RECORD EXTRACTS below:
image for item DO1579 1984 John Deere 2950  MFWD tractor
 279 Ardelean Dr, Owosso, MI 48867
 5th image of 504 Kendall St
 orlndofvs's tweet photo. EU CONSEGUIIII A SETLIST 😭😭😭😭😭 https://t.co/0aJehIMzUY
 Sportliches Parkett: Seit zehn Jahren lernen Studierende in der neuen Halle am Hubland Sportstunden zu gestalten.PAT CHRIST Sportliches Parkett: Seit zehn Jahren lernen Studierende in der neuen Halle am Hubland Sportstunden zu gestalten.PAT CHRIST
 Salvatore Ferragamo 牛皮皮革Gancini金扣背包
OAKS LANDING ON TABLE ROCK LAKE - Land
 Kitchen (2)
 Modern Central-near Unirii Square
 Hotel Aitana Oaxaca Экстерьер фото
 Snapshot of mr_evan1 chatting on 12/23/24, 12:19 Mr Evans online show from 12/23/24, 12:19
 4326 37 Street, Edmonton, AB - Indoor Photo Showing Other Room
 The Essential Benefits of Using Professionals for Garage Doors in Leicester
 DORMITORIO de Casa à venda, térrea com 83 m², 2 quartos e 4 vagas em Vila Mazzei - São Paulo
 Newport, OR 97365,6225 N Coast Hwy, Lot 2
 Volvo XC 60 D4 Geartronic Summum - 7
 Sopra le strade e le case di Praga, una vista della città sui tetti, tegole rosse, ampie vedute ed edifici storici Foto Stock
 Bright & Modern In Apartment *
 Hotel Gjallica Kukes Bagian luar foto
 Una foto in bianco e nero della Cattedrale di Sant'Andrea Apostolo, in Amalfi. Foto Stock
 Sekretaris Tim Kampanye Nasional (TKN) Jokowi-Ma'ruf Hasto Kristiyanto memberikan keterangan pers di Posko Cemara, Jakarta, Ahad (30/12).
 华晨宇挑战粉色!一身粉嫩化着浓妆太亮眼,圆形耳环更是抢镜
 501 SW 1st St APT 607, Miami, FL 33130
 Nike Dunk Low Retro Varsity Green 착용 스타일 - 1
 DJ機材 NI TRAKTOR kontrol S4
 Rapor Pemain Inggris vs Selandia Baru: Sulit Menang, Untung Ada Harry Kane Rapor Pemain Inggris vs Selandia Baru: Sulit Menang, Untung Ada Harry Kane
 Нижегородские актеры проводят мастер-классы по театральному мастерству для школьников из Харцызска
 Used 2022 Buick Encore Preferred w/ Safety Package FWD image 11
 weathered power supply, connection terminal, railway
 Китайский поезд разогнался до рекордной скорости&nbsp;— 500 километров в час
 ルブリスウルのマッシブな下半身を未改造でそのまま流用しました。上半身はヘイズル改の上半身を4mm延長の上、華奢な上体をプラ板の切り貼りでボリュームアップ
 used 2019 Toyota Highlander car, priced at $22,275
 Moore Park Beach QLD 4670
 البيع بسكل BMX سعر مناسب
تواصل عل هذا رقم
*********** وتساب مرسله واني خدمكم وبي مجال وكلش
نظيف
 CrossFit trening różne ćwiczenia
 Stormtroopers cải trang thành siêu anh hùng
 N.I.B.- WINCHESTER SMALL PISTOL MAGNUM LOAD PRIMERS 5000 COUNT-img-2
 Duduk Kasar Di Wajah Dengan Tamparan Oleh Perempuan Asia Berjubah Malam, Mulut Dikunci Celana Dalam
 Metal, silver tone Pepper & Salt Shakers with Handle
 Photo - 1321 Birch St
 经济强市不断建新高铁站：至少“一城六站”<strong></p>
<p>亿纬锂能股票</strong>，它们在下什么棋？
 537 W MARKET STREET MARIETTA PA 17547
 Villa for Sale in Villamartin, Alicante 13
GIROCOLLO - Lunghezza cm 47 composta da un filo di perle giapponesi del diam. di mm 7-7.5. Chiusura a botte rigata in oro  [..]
End of RECORD EXTRACTS.
**WORK ORDER:**
Using the listing above, count the lines that contain the word "strong" and state only that number.

**EXERCISE OUTPUT:**
2